I leave you with an incredibly useful recipe for hawthorn jelly which I will return to post haste in October when the trees are fruiting. I’m sure it will be wildly exciting.
Can be dried in slices to make fruit leather, eaten as it is, perhaps as an alternative to mebrillo (Spanish quince paste) and served with cheese or combined with boiled rosehips for a beautiful fruit butter with which to adorn ones toast.
1kg ripe hawthorn berries
apple juice (optional)
Put the berries in a bowl and mash them up with a potato masher or the end of a rolling pin. Add a mug of water and mash together with your hands. Add further water until you have the right consistancy to strain the mixture through a sieve and end up with enough juice left in the bowl to do something with. Hawthorn berries are very high in pectin to the less water, the harder it sets.

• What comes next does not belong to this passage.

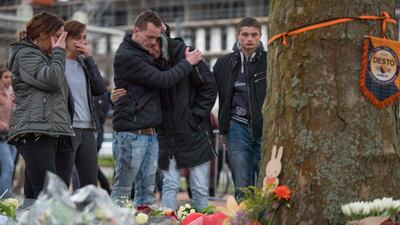 People cry after laying flowers at a makeshift memorial site for the victims of a shooting incident in a tram in Utrecht, Netherlands. AP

This strained mixture will begin to set immediately so if you wish to add the other ingredients heat it in a saucepan adding sugar, juice and your chosen spices until you have the desired sweetness and flavour.
Leave to cool and solidify then use as you wish. The jelly, when sliced thinly, can be dried in the sun or a low oven to make the fruit leather. We’ll get to rosehips another time.
You can, if you like, use hawthorn leaves in a hedgerow salad of such stalwarts as young dandelion leaves, wild garlic, lemon sorrel and beech leaves but again, perhaps let’s talk on that some other evening.